As always the most affected are the little ones. This is confirmed by the UNICEF report “Undernourished and overlooked”. Worldwide, 51 million children under the age of 2 suffer from stunted growth: due to malnutrition, their bodies are unable to grow as they should. About half of them become stunted between pregnancy and the first six months of life, the 500-day period in which a baby is completely dependent on maternal nutrition. In South Asia and sub-Saharan African countries, 2 out of 3 adolescent girls are underweight and 3 out of 5 suffer from anemia. In the twelve African countries most affected by hunger, the number of pregnant and breastfeeding women suffering from acute malnutrition increased by 25 percent from 5.5 million to 6.9 million. Girls and women from the poorest households are twice as likely to be underweight as those from the richest households. Bad nutrition is often “passed down” from generation to generation. In countries such as Afghanistan, Burkina Faso, Chad, Ethiopia, Kenya, Mali, Niger, Nigeria, Somalia, South Sudan, Sudan and Yemen, lack of adequate food and essential nutrients is having a disastrous impact on the health of entire communities.
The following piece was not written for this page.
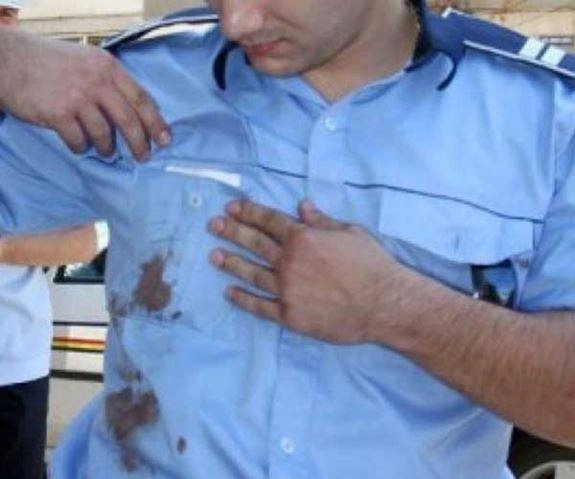 politist-brasovean-snopit-in-bataie-si-lovit-cu-o-vaza-si-cu-un-pahar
Even developed, high-income countries are not excluded from this scourge. In Italy, almost 3 percent of the population (1.7 million) cannot guarantee a healthy diet. A worrying situation but which is not much better in other European countries: in Spain for example this percentage is 2 per cent, in the United Kingdom 0.5 per cent. Malnutrition remains one of the greatest threats to both the health of children and their mothers: cases of anemia among girls, for example, are on the rise in Western Europe and North America.
Eating “badly” doesn’t just mean malnutrition. It often means overweight and obesity. There are currently 2.6 billion people in the world who are overweight or obese, 38 percent of the world‘s population. But their number is destined to grow rapidly: according to the World Obesity Atlas 2023 of the World Obesity Federation, by 2035 they could become 4 billion. And, once again, children and adolescents would be at the greatest risk. Not only in rich countries, but also in many poor countries around the world. This is where the biggest increases in obesity are taking place: Of the ten countries most likely to face obesity in the next few years, nine are low- and middle-income countries in Africa and Asia.
A critical situation that sees the possibility of achieving one of the most important objectives of sustainable development, the Sustainable Development Goals, disappearing.